> [THE PROBLEM] Repeat the records exactly. Leave out the pictures.

> [RECORDED INFORMATION]
[Start of Attachment]
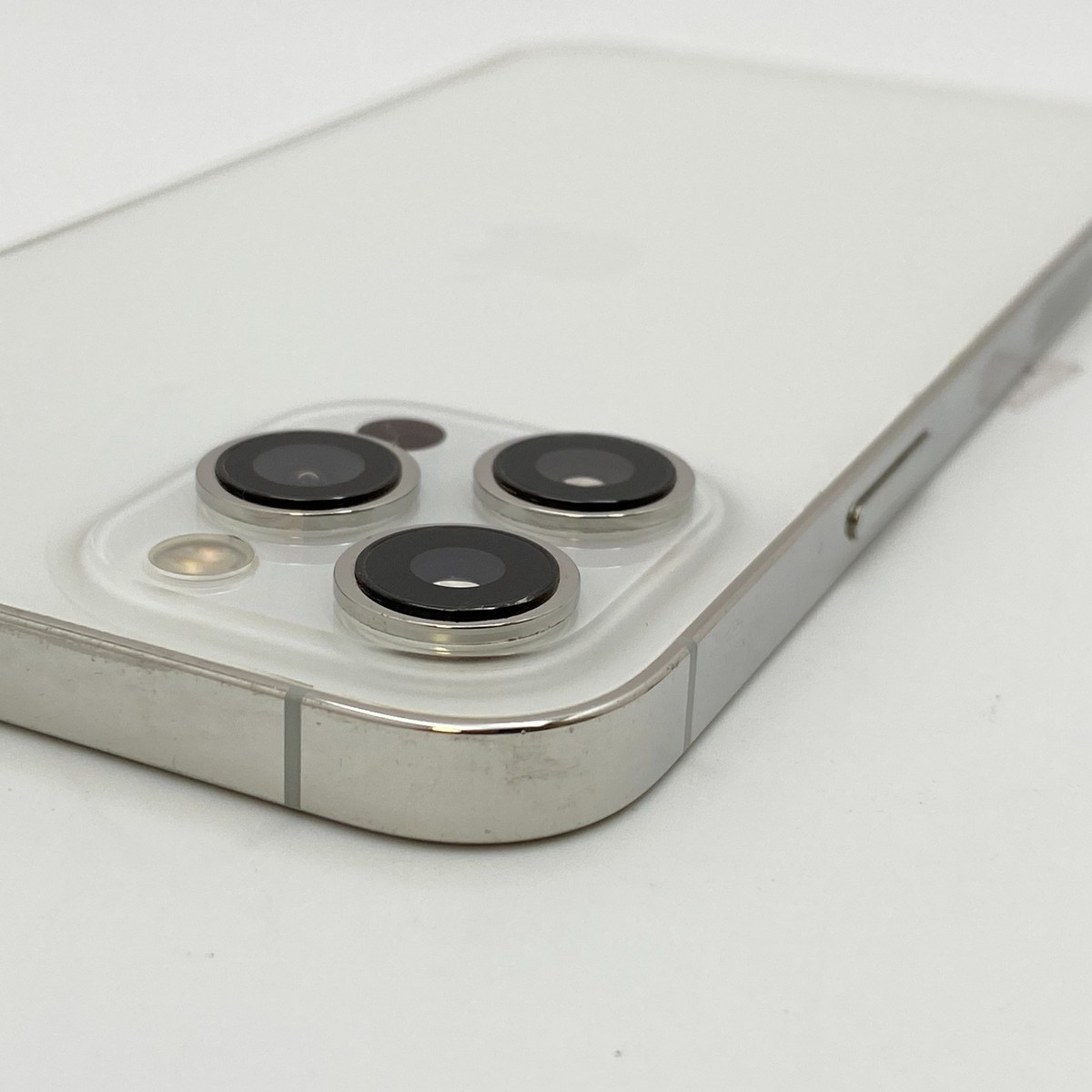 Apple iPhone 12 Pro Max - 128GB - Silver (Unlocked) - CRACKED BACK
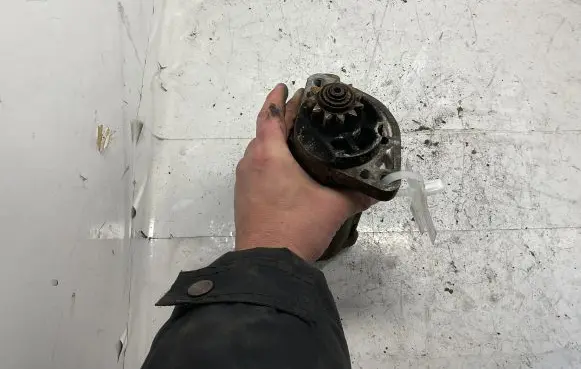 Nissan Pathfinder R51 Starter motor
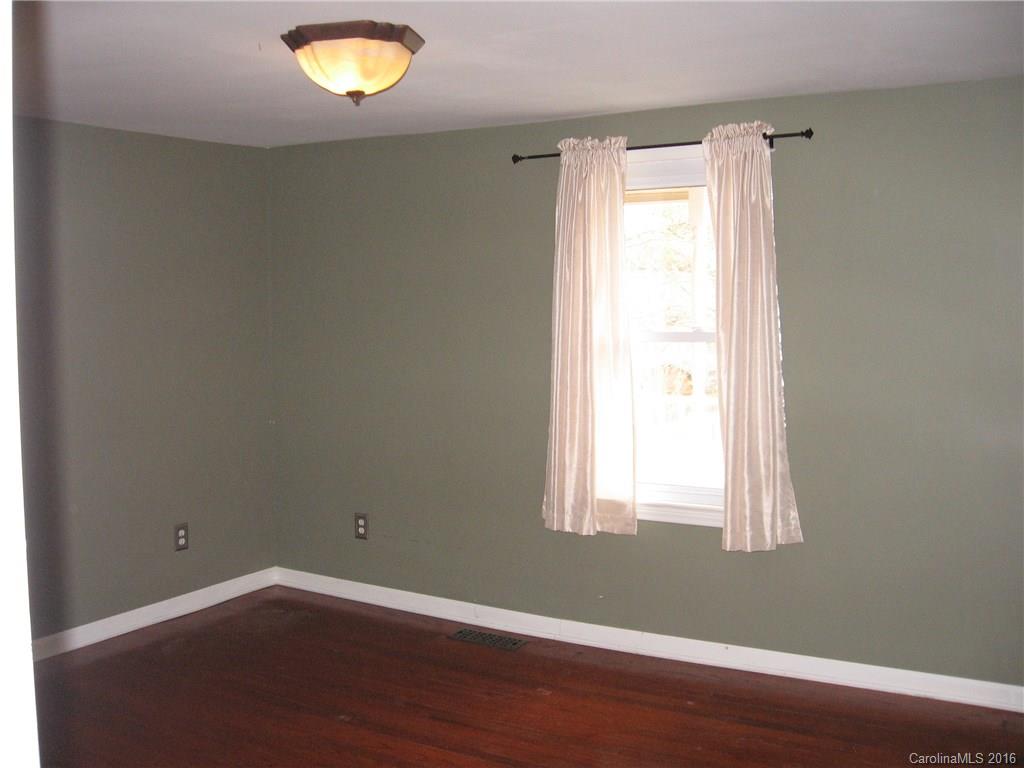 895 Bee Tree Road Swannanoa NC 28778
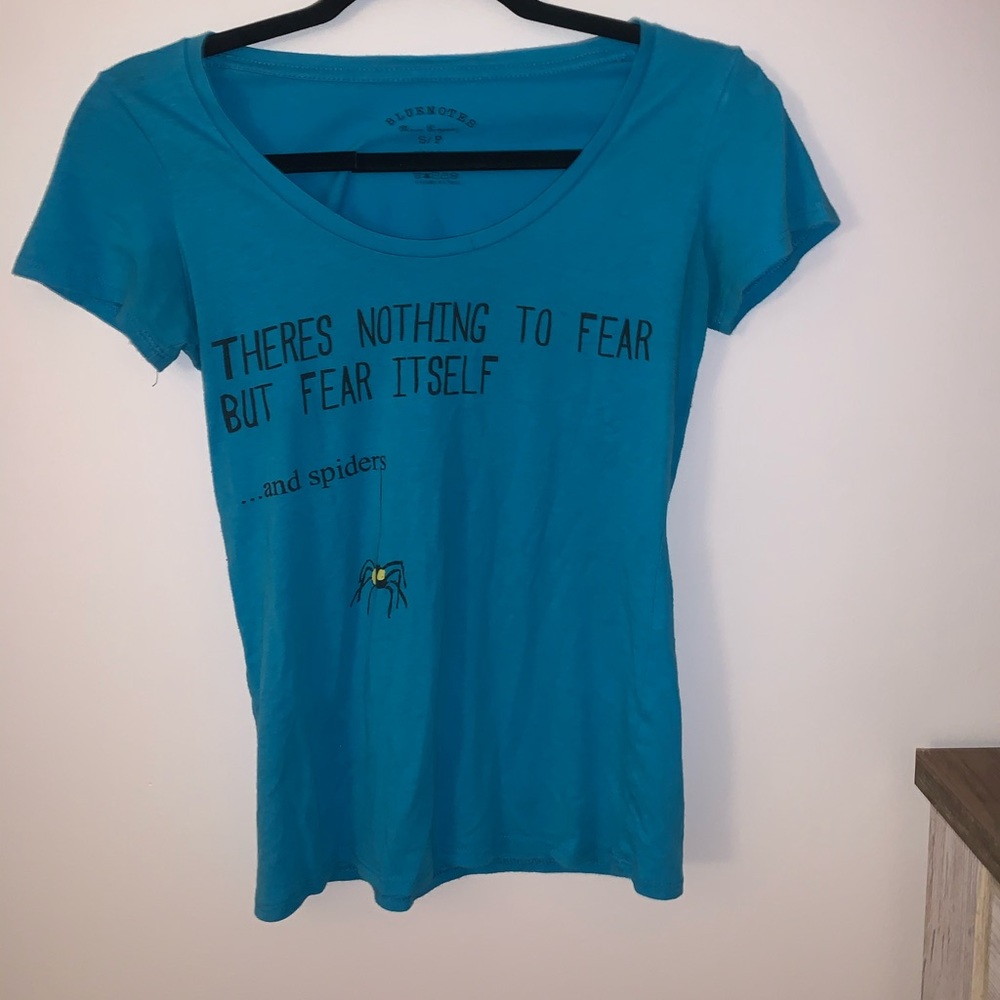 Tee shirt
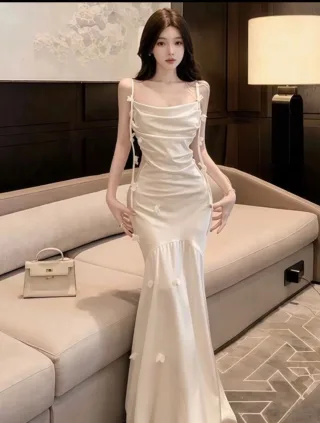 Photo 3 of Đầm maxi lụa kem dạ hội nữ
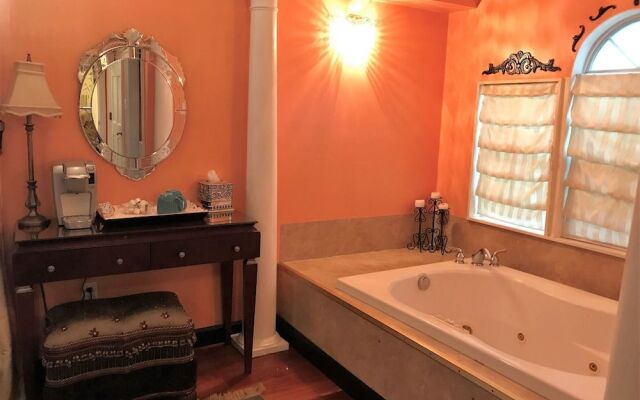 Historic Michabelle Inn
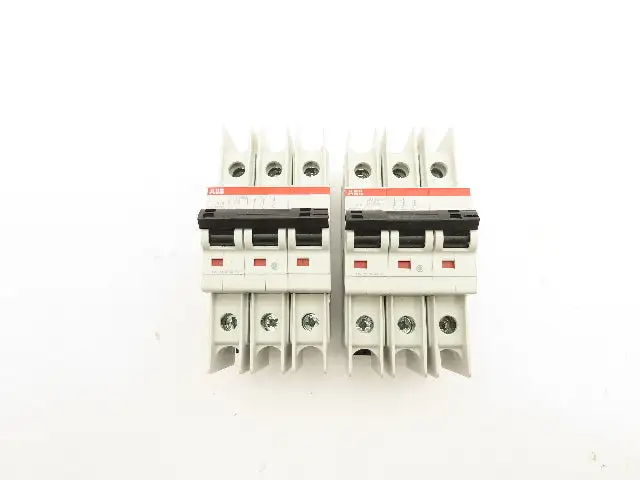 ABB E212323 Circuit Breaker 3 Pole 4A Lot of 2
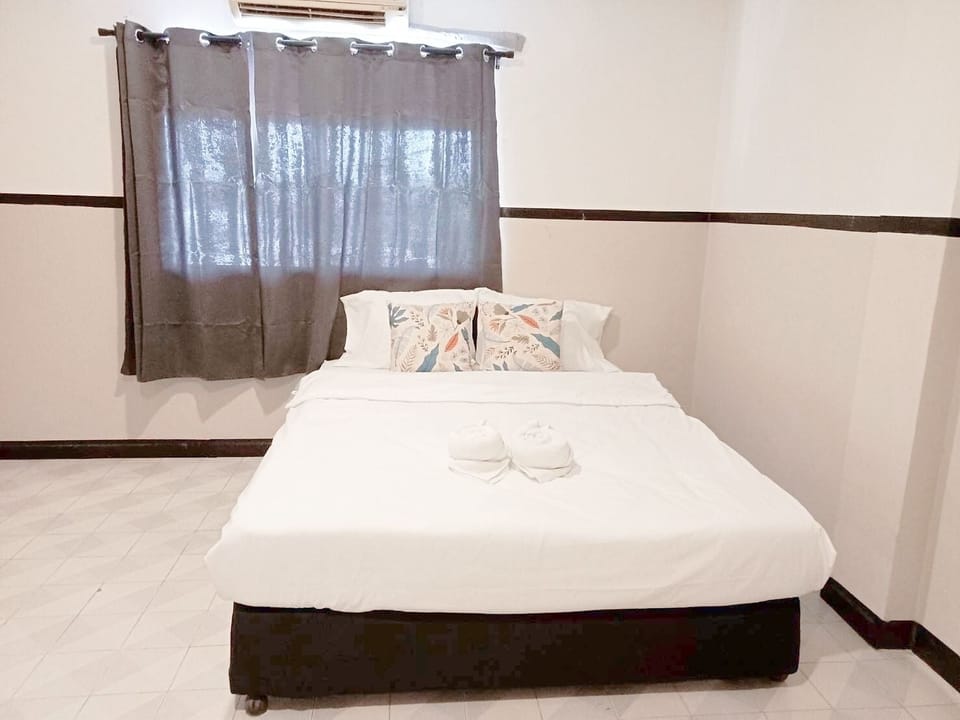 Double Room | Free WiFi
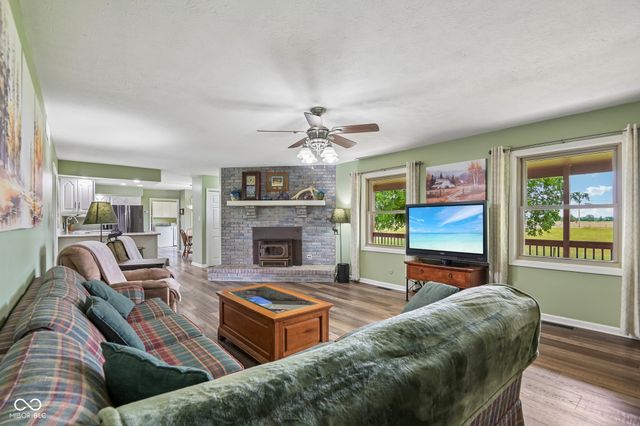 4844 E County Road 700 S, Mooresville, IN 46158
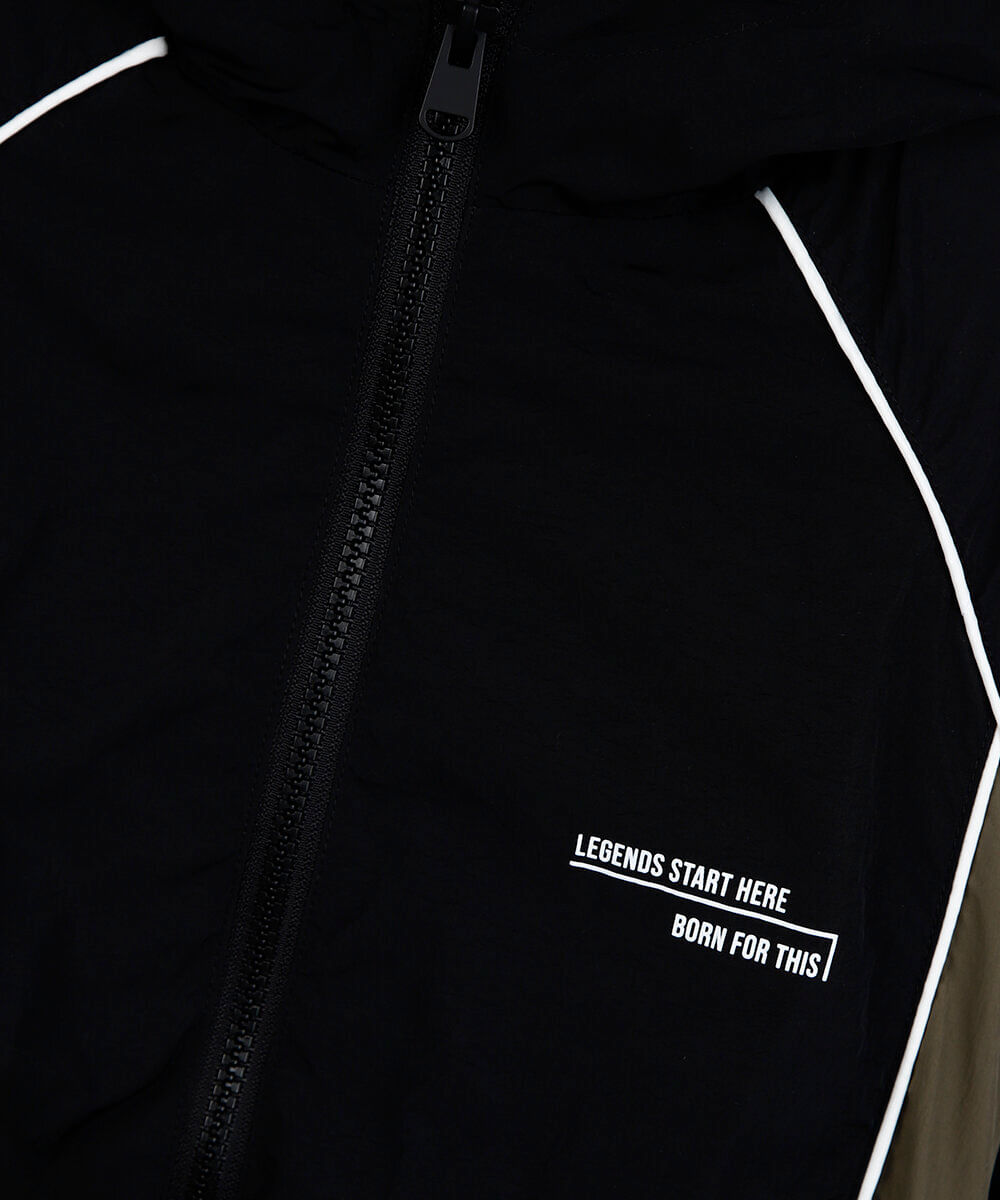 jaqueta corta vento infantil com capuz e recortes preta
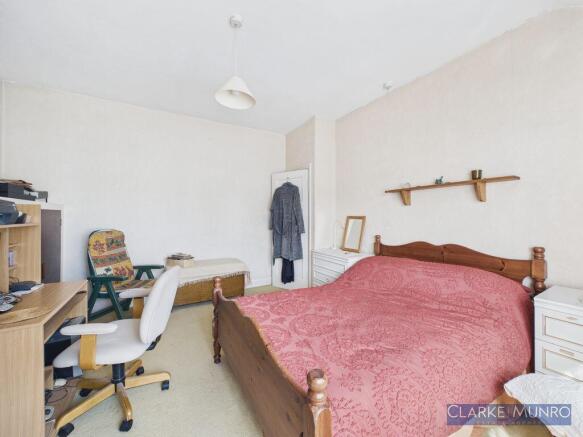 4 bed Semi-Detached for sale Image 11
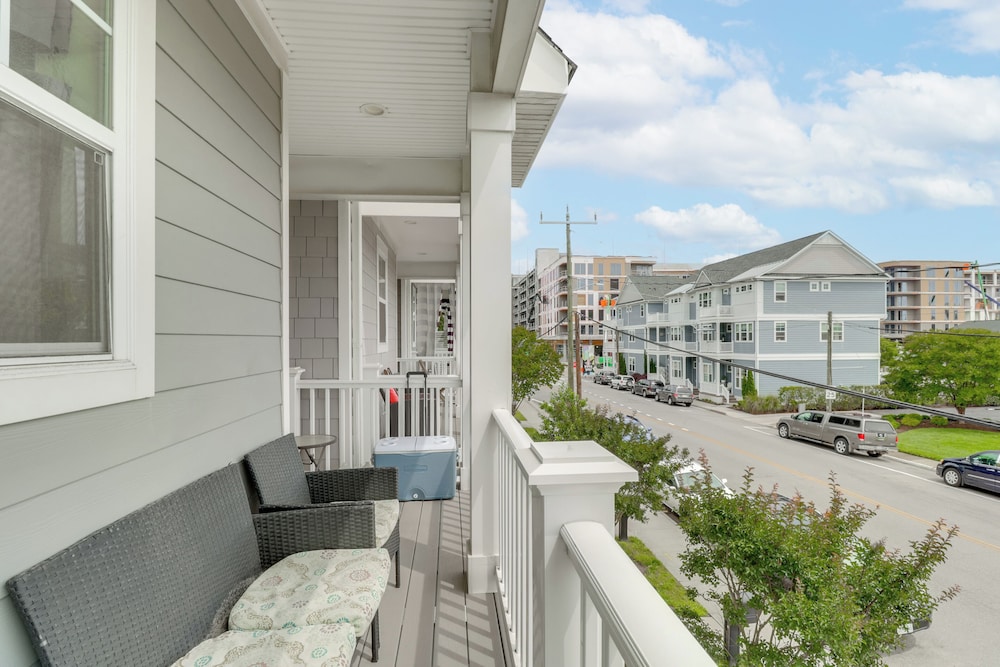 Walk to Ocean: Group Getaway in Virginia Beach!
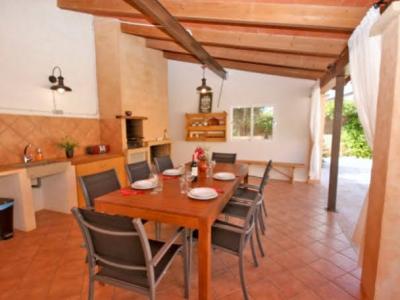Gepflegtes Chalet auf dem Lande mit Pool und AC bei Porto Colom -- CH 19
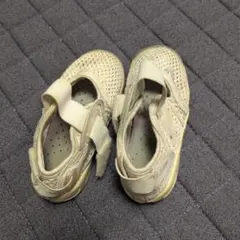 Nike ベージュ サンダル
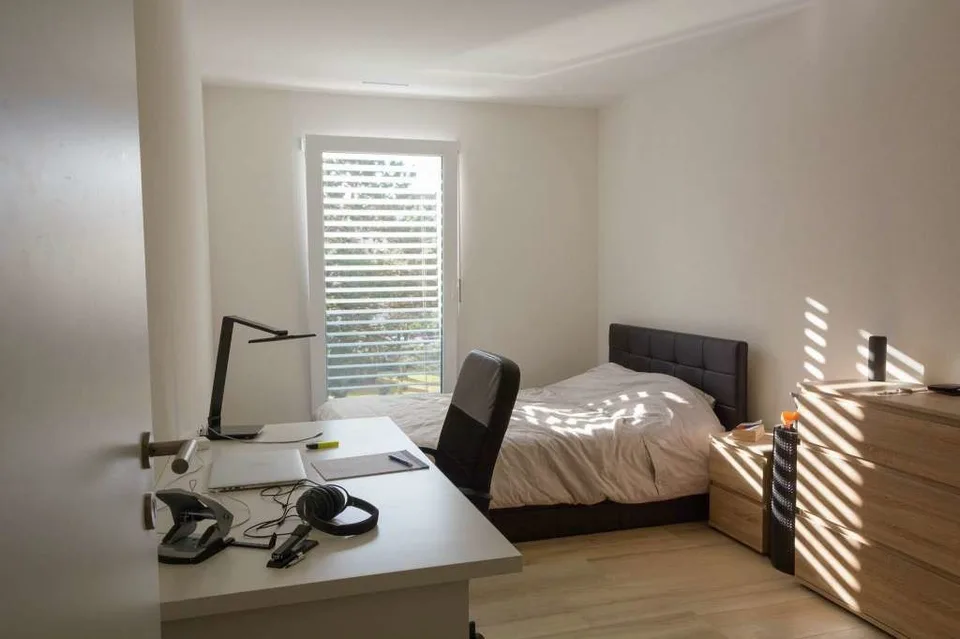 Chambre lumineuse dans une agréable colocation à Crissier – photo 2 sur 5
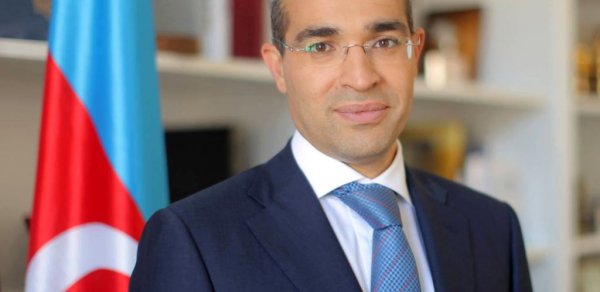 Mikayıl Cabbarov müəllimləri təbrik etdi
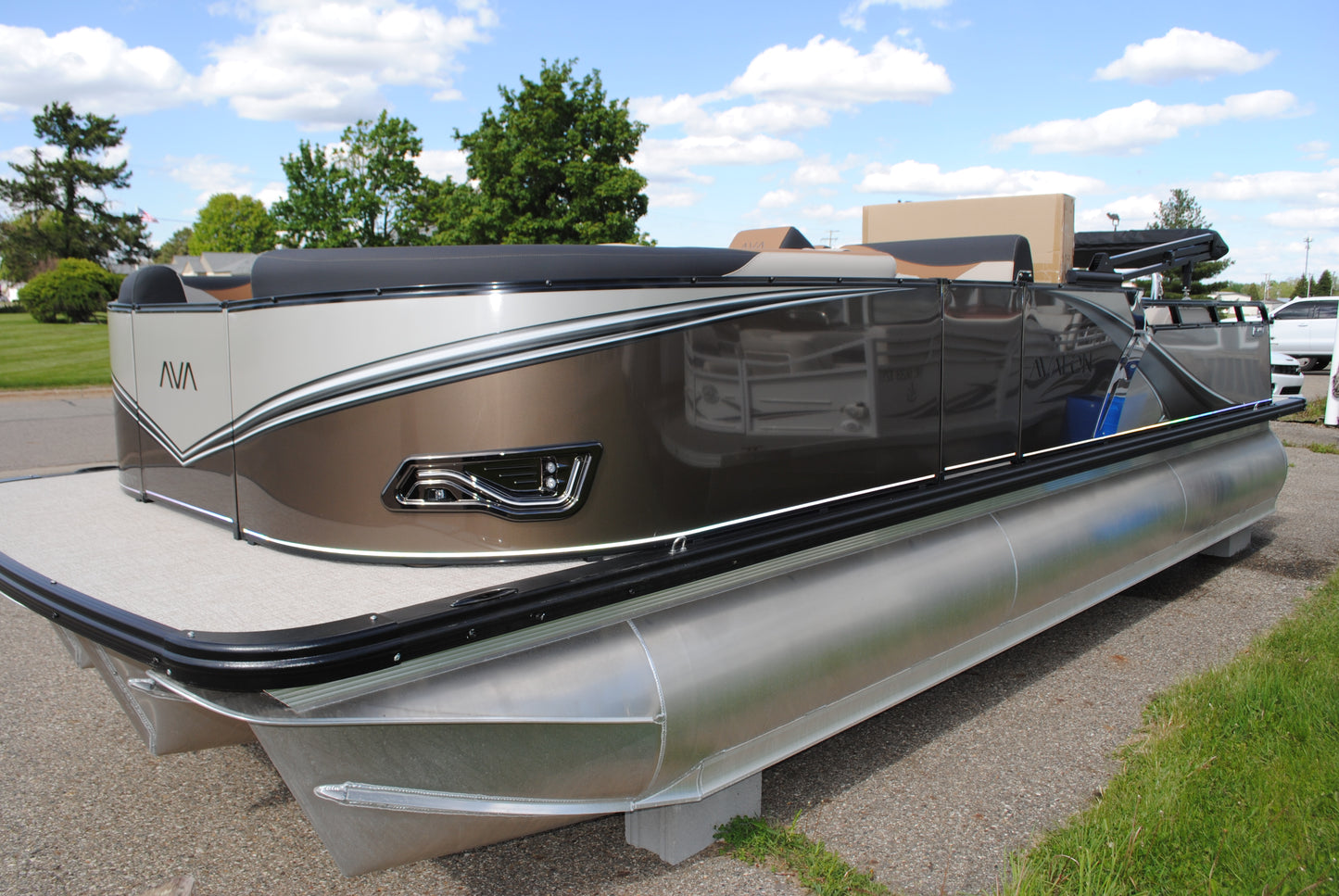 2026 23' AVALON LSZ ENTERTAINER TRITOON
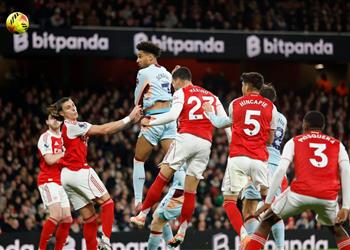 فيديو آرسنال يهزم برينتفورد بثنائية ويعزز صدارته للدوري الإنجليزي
[End of Attachment]
> [EXERCISE ANSWER]
 Apple iPhone 12 Pro Max - 128GB - Silver (Unlocked) - CRACKED BACK
 Nissan Pathfinder R51 Starter motor
 895 Bee Tree Road Swannanoa NC 28778
 Tee shirt
 Photo 3 of Đầm maxi lụa kem dạ hội nữ
 Historic Michabelle Inn
 ABB E212323 Circuit Breaker 3 Pole 4A Lot of 2
 Double Room | Free WiFi
 4844 E County Road 700 S, Mooresville, IN 46158
 jaqueta corta vento infantil com capuz e recortes preta
 4 bed Semi-Detached for sale Image 11
 Walk to Ocean: Group Getaway in Virginia Beach!
Gepflegtes Chalet auf dem Lande mit Pool und AC bei Porto Colom -- CH 19
 Nike ベージュ サンダル
 Chambre lumineuse dans une agréable colocation à Crissier – photo 2 sur 5
 Mikayıl Cabbarov müəllimləri təbrik etdi
 2026 23' AVALON LSZ ENTERTAINER TRITOON
 فيديو آرسنال يهزم برينتفورد بثنائية ويعزز صدارته للدوري الإنجليزي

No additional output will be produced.